Does the series converge

Question

We know that all series of the following form diverge: \begin{equation} S_k = \sum_{n=\left\lceil \mathrm{e}^k \right\rceil}^\infty \frac{1}{n (\ln n) (\ln \ln n)\dots(\ln^k n)} \end{equation} where the notation $\ln^k$ is function composition. Additionally, this series is interesting because for large $k$, it diverges very slowly.

Then does the following series converge? \begin{equation} S = \sum_{n=1}^\infty \frac{1}{f(n)} \end{equation} where $f(n)$ is defined recursively by the monotonic function \begin{equation} f(n) = \begin{cases} n & \text{if }n \le \mathrm{e} \\ n \cdot f{\left(\ln n\right)} & \text{otherwise} \end{cases} \end{equation}

The first few terms of this series are \begin{equation} 1 + \frac{1}{2} + \frac{1}{3 \ln 3} + \frac{1}{4 \ln 4} + \dots + \frac{1}{16 (\ln 16) (\ln \ln 16)} + \dots \end{equation}

and the maximum power of $\ln$ in the denominator gradually increases.

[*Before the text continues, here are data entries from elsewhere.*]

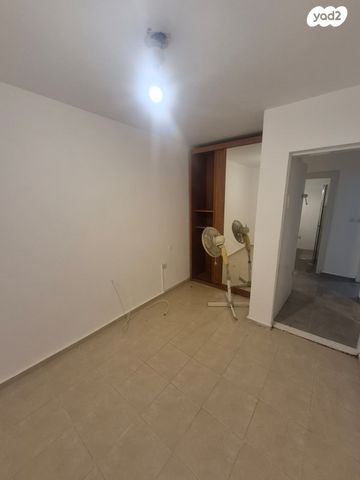 בית פרטי/ קוטג', משה הס 6, קרית אונו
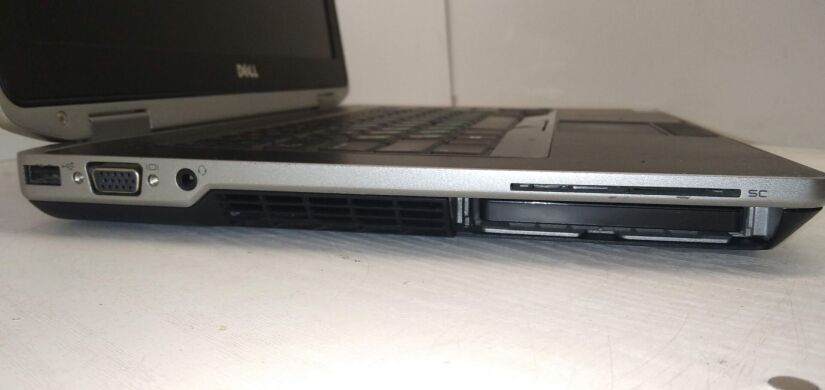 Ноутбук Б-клас Dell Latitude E6430 / 14" (1366x768) TN / Intel Core i5-3210M (2 (4) ядра по 2.5 - 3.1 GHz) / 4 GB DDR3 / 120 GB SSD / Intel HD Graphics 4000 / WebCam / Без АКБ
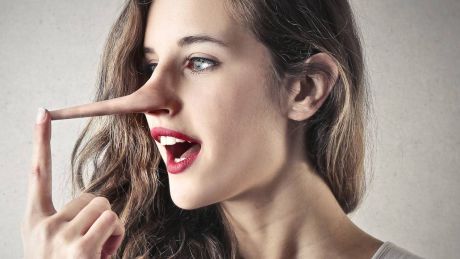 Θέλετε να μάθετε ποια ζώδια λένε ότι είναι οι μεγαλύτεροι ψεύτες 
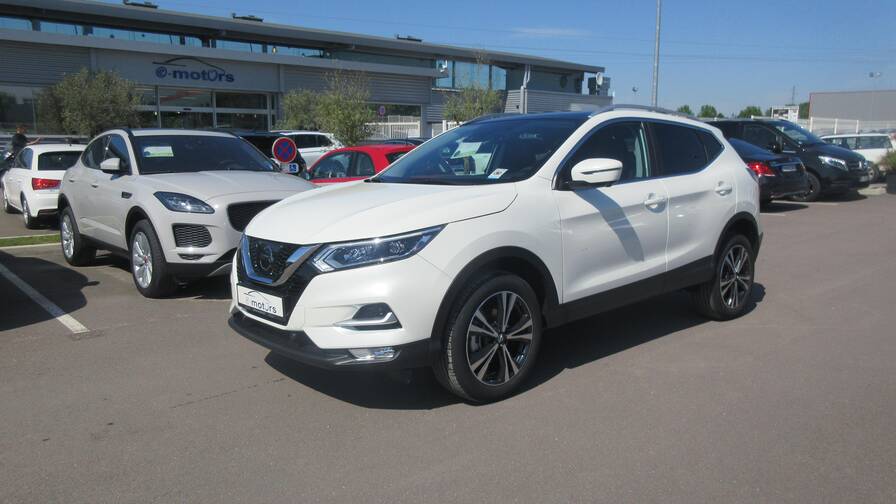 Avis-mandataire-auto-Emotors-Nissan-Qashqai-N-connecta-dci-115-4x2.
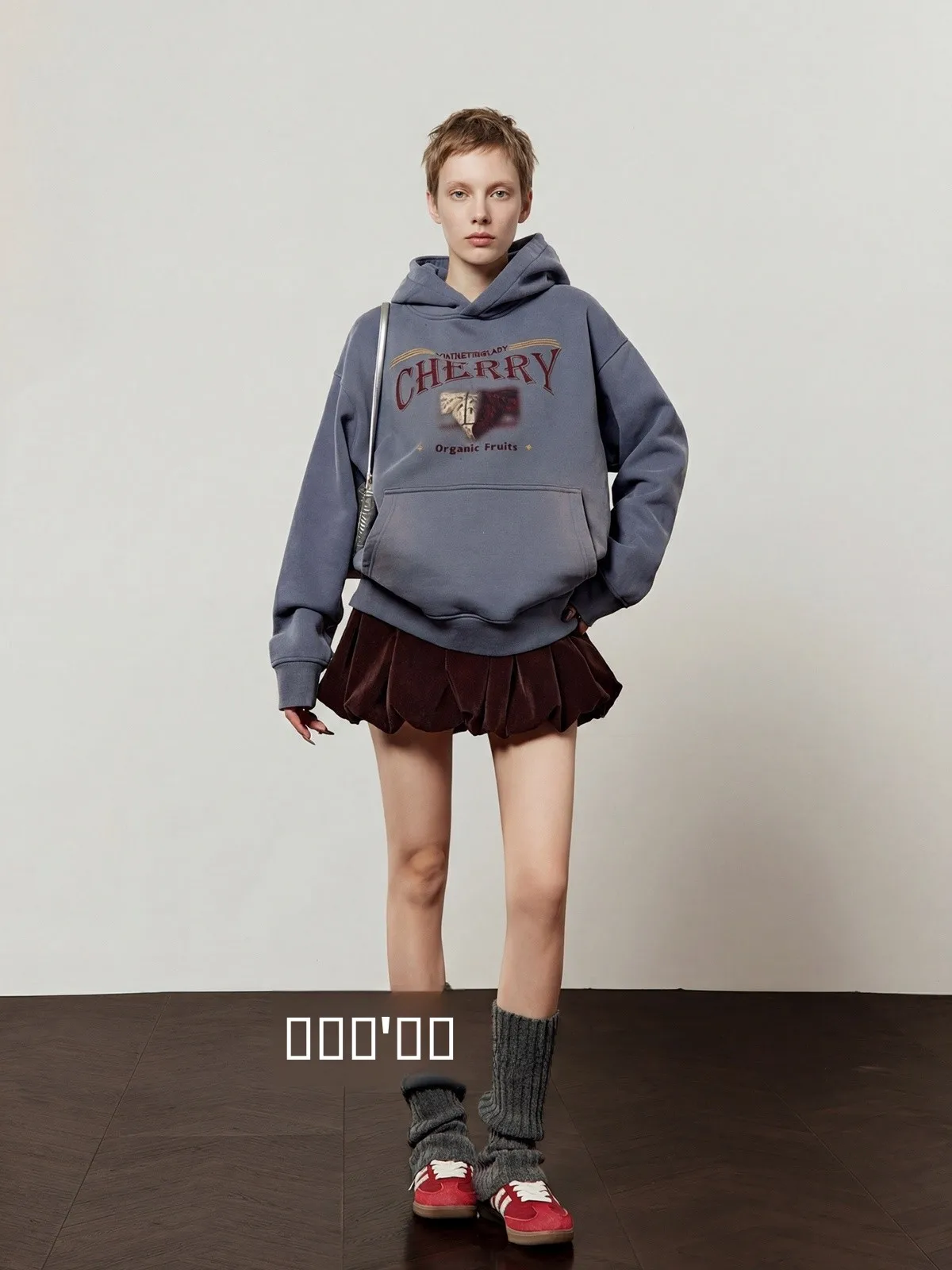 

Свободная толстовка с капюшоном для женщин, новинка весенней коллекции, синего цвета, удобная повседневная модель с длинным рукавом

This series should eventually grow slower than all $S_k$ (it is in some kind of sense a limit) because the terms will eventually drop below those of $S_k$ for any particular $k$. But at the same time it seems to grow faster than all series of the form \begin{equation} T_k = \sum_{n=\left\lceil \mathrm{e}^k \right\rceil}^\infty \frac{1}{n (\ln n) (\ln \ln n)\dots(\ln^{k-1} n){(\ln^k n)}^2} \end{equation} which are known to converge, albeit also very slowly.

Answer 1

Since $f$ is monotonic, we can use the integral comparison. For any fixed $u \geqslant e$, we have

$$\int_u^{e^u} \frac{dx}{f(x)} = \int_u^{e^u} \frac{1}{f(\ln x)} \frac{dx}{x} = \int_{\ln u}^u \frac{dt}{f(t)}.$$

Since $\int_1^e \frac{dx}{f(x)} > 0$, we have

$$\int_1^{\infty} \frac{dx}{f(x)} = \sum_{k = 0}^{\infty} \int_{x_k}^{x_{k+1}} \frac{dx}{f(x)} = \sum_{k = 0}^{\infty} \int_1^e \frac{dx}{f(x)} = +\infty,$$

where $x_0 = 1$ and $x_{k+1} = e^{x_k}$ for all $k$. Thus the integral, and hence the series diverges. Very very slowly.